202. • Not only is the condition painful, but malunion of the
fracture can lead to joint instability or cartilaginous
deterioration (or both) as a result of poorly aligned bony
segments.
• Although the femoral head may receive some blood
supply via the ligament of the femoral head, an absent or
diminished supply through the ligament of the head (as
occurs with aging) means reliance on anastomoses from
the circumflex arteries.
203. • This circumflex arterial supply may be disrupted by
femoral neck fracture, which leaves the femoral head
susceptible to avascular necrosis and necessitates
replacement of the head of the femur with an artificial
implant.
204. Bony Abnormalities of the Femur
Coxa Valga/Coxa Vara:
• In coxa valga, the angle of inclination in the femur is
greater than the normal adult angle of 125 degrees.

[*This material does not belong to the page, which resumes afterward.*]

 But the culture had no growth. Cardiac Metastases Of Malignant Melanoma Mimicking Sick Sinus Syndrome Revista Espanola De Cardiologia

• The increased angle brings the vertical weight bearing
line closer to the shaft of the femur, diminishing the
shear, or bending, force across the femoral neck.
205. • The reduction in force is actually reflected in a reduction
in density of the lateral trabecular system.

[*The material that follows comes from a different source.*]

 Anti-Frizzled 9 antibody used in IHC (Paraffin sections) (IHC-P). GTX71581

• The decreased distance between the femoral head and
the greater trochanter also decreases the length of the
MA of the hip abductor muscles.
• The decreased muscular MA results in an increased
demand for muscular force generation to maintain
sufficient abduction torque to counterbalance the
gravitational adduction moment acting around the
supporting hip joint during single-limb support.
206. • Coxa valga also decreases the amount of femoral
articular surface in contact with the dome of the
acetabulum.
• As the femoral head points more superiorly, there is a
decreasing amount of coverage from the acetabulum
superiorly.
• Consequently, coxa valga decreases the stability of the
hip and predisposes the hip to dislocation.
207.
208. • Coxa vara is considered to give the advantage of
improved hip joint stability (if angle reduction is not too
extreme).
• The apparent improvement in congruence occurs
because the decreased angle between the neck and
shaft of the femur will turn the femoral head deeper into
the acetabulum, decreasing the amount of articular
surface exposed superiorly and increasing coverage
from the acetabulum.
209. • A varus femur, if not caused by trauma, may also
increase the length of the MA of the hip abductor
muscles by increasing the distance between the femoral
head and the greater trochanter.
• The increased MA decreases the amount of force that
must be generated by the abductor muscles in single-
limb support and reduces the joint reaction force.
210. • Coxa vara has the disadvantage of increasing the
bending moment along the femoral head and neck.
• Coxa vara may increase the likelihood in the adolescent
child that the femoral head will slide on the cartilaginous
epiphysis of the head of the femur.
211. Anteversion/Retroversion:
• Anteversion of the femoral head reduces hip joint
stability because the femoral articular surface is more
exposed anteriorly.
• The line of the hip abductors may fall more posterior to
the joint, reducing the MA for abduction.
212. • The effect of femoral anteversion may also be seen at
the knee joint.
• When the femoral head is anteverted, pressure from the
anterior capsuloligamentous structures and the anterior
musculature may push the femoral head back into the
acetabulum, causing the entire femur to rotate medially.
213. • Although the medial rotation of the femur improves the
congruence in the acetabulum, the knee joint axis
through the femoral condyles is now turned medially,
altering the plane of knee flexion/extension and resulting,
at least initially, in a toe-in gait.
• The abnormal position of the knee joint axis is commonly
labeled medial femoral torsion.
• Medial femoral torsion and femoral anteversion are the
same abnormal condition of the femur.
214. • Femoral retroversion is the opposite of anteversion and
creates opposite problems from femoral anteversion.